Stolers Wurzeln liegen in Czernowitz. Dort entstanden ebenfalls Aufnahmen. »Der Film ist das Wichtigste, was ich in den letzten Jahren geschaffen habe«, sagt er. Dadurch ist er zu seiner jetzigen beruflichen Tätigkeit gelangt: Derzeit bereitet Stoler die Jüdischen Kulturwochen Darmstadt vor.
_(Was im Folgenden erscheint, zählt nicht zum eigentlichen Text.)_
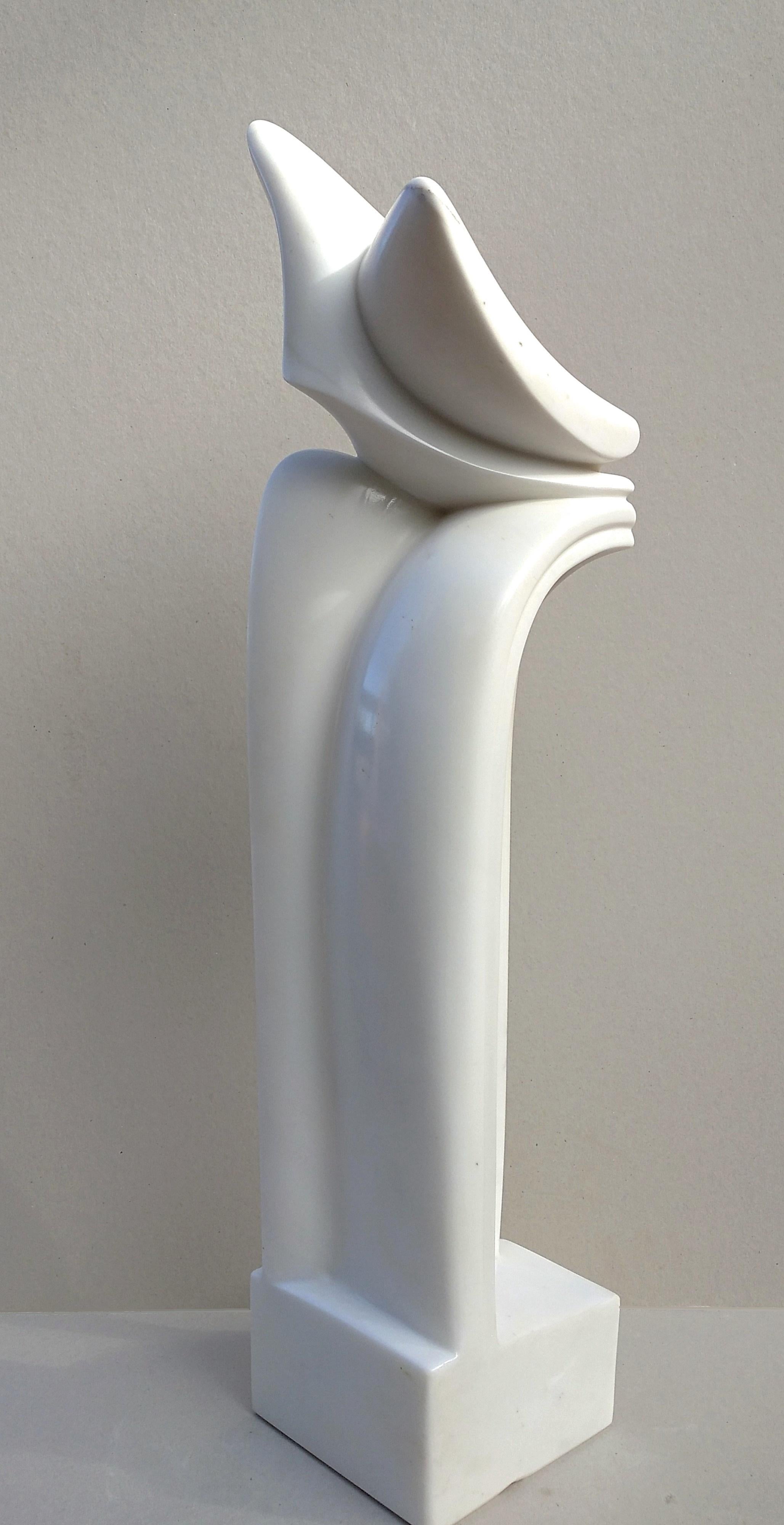 Gebogener Bogen, ungewöhnliche vertikale figurative Skulptur aus weißem Carrara-Statuenmarmorstein im Angebot 8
In und außerhalb der Gemeinde wird es in Kooperation mit dem Darmstädter Kulturamt von August bis November insgesamt 13 Veranstaltungen geben, darunter eine Ausstellung über das heutige Judentum und über jüdische Fußballer des FC Bayern München vor dem Zweiten Weltkrieg. Stoler selbst war acht Jahre lang Fußballspieler bei Makkabi Frankfurt. Deshalb begeistert ihn das Thema besonders.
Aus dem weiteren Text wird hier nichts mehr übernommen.